Peoplehood Promoter: As head of the Jewish Agency, Natan Sharansky has focused on promoting Jewish identity. Image by Getty Images

Seriously?

The Jewish Agency for Israel — Galperin’s organization —receives 75% of the federation system’s overseas funding, made a big splash last year announcing a strategy that deviates from its historic mission of aliyah, stressing that it would now focus on peoplehood and “Jewish identity,” and Galperin’s solution is brainstorming!

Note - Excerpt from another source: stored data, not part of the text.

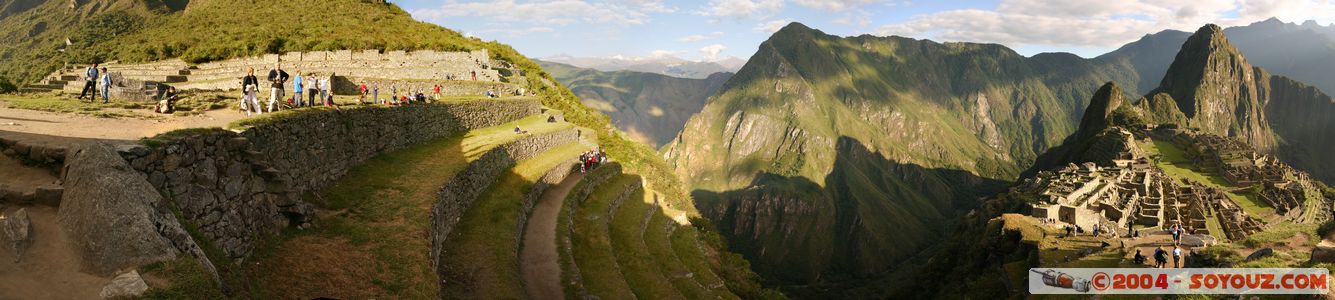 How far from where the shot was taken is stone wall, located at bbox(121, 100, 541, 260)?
11109 millimetres

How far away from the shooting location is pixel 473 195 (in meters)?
25.1

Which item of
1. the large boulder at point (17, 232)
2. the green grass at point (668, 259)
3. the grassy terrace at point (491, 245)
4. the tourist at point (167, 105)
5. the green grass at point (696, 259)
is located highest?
the tourist at point (167, 105)

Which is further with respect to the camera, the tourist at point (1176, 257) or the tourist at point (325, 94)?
the tourist at point (1176, 257)

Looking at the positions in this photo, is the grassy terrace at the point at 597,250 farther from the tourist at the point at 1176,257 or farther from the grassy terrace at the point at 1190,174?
the grassy terrace at the point at 1190,174

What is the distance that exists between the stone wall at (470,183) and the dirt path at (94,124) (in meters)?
6.57

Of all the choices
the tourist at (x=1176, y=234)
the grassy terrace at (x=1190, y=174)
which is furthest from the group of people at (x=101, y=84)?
the grassy terrace at (x=1190, y=174)

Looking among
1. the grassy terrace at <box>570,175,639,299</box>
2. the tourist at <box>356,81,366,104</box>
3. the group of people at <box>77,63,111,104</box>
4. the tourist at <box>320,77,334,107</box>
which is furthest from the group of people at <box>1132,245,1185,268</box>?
the group of people at <box>77,63,111,104</box>

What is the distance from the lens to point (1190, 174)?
100750 millimetres

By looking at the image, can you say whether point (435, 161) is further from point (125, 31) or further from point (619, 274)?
point (125, 31)

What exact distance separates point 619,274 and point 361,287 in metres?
11.3

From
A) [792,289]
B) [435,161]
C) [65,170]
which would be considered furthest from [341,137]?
[792,289]

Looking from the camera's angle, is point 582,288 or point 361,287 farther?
A: point 582,288

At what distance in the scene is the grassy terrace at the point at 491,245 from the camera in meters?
18.2

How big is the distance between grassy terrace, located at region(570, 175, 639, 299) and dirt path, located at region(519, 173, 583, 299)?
1.24m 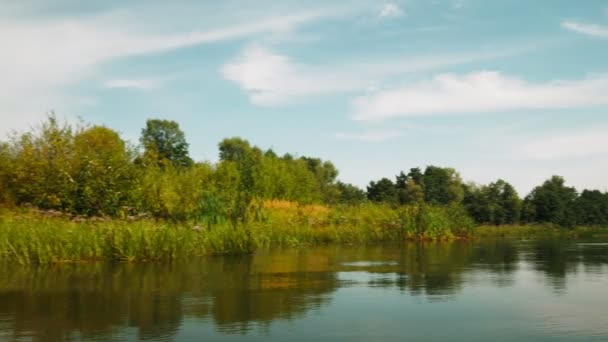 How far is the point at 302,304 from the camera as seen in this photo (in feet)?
23.3

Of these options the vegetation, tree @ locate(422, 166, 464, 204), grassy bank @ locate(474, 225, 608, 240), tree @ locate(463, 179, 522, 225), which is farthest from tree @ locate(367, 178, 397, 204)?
the vegetation

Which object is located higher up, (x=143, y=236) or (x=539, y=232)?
(x=143, y=236)

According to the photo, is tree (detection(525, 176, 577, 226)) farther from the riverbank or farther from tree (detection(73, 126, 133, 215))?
tree (detection(73, 126, 133, 215))

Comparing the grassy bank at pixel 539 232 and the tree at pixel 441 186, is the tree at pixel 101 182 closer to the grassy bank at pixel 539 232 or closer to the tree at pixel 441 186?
the grassy bank at pixel 539 232

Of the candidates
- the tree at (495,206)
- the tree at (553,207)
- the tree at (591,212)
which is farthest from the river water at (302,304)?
the tree at (591,212)

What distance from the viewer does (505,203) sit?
5166 centimetres

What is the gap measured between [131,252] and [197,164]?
48.7ft

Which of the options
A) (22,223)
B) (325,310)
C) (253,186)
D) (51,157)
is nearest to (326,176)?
(253,186)

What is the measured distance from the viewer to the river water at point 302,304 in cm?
555

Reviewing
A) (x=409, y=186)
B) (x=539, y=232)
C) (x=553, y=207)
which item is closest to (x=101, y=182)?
(x=539, y=232)

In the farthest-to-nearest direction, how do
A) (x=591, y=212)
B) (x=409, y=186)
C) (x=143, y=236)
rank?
(x=409, y=186) → (x=591, y=212) → (x=143, y=236)

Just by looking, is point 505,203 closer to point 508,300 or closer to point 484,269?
point 484,269

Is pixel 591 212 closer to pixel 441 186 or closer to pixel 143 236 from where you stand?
pixel 441 186

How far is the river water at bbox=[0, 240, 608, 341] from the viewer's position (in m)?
5.55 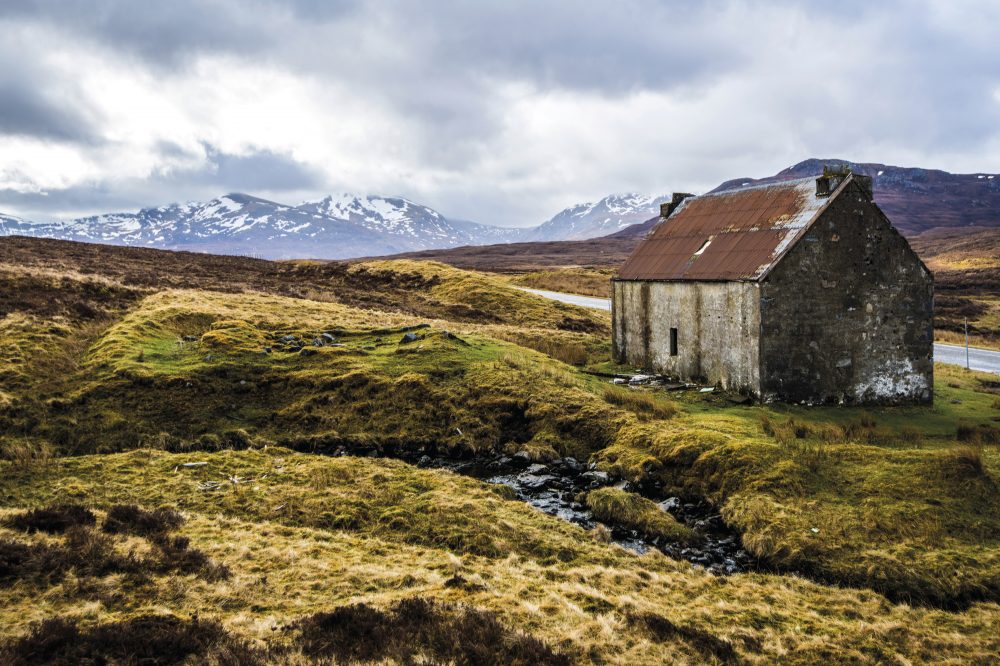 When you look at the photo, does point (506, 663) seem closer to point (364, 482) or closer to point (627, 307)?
point (364, 482)

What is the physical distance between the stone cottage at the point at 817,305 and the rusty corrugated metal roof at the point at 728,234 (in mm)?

But the faux-novelty of Galperin’s fundraising pitch and his proposed solution are actually indicative of a larger problem. Galperin’s peoplehood agenda is an emperor without clothes — not because the agenda is limited to brainstorming, but because there is no essential substance to “peoplehood.”

What is the content of Galperin’s “bond of peoplehood”? What is this bonded people supposed to do? What values do they cherish and share? What mission do they work to achieve?

The Jewish community’s inability to articulate answers to these questions, while at the same time fetishizing “peoplehood” to the brink of idolatry, is exactly the reason the younger generation has drifted away. Peoplehood should not be an end in itself, and if it is, its decline is not worth crying about.

If you must cry, cry about the fact that most American Jews have never experienced the intellectual rush of deep Torah study. Cry about the fact that they don’t regularly receive the physical, spiritual and social sustenance of a Shabbat meal with friends. Cry about the fact that they have never sung a great niggun or danced a spontaneous hora at a klezmer concert. Cry about the fact that they haven’t experienced the mystique of Jerusalem, that they haven’t felt the support of a community committed to hesed, that they haven’t read our writers’ magisterial works of literature.

The irony, of course, is that the bonds that Galperin wants to strengthen might actually emerge if the substance of Jewish life were prioritized and Jews were able to experience them together. This may be what he means when he writes about the need to provide people “with immersive, meaningful experiences.” But instead of speaking openly about the content of these experiences, he offers hazy notions of a “peoplehood pay-it-forward” approach.

To be fair, many of those leading the peoplehood push — Galperin, Natan Sharansky, Leonid Nevzlin — are from the former Soviet Union. In the Soviet Union, Jewish peoplehood did have existential weight independent of Jewish practices and values because Jewishness was noted and persecuted by the outside world. But importing that model of peoplehood to the United States is as absurd as importing communism.

Clal Yisrael, the Jewish people, is an important idea in our tradition, but it is not the only important idea. The world is sustained by three things, the Mishna tells us: Torah, avodah (worship/ritual) and gemilut hasadim (acts of loving-kindness). This panoply of ethical, spiritual and intellectual outlets — not a single-minded ethno-privileging — is our inheritance.

While it may not be apparent from my exasperation here, I have much respect for Misha Galperin and all the work he’s done for the Jewish community. I even suspect he would agree with many of my sentiments. But there’s a laziness to this peoplehood rhetoric that is, ultimately, damaging. Its vagueness is vulgar.

And so, to all those who have grabbed onto Jewish peoplehood as the next, great messianic hope, I beg you: If you are serious about growing the bonds between Jews, stop taking refuge in the safe secularity of peoplehood. Forget about brainstorming and, instead, find ways to encourage Jewish values, practices, rituals and learning. These are what give the Jewish people its purpose.

Galperin is correct. Many young American Jews do not feel a special connection with the Jewish people. But we haven’t given them any reason to, and if we can’t articulate the purpose and mission of the Jewish people — the ends we hope it will help achieve for the world — we will continue to find ourselves lost in the desert we are wandering in today.

Daniel Septimus is the CEO of MyJewishLearning, Inc., publisher of MyJewishLearning.com and Kveller.com.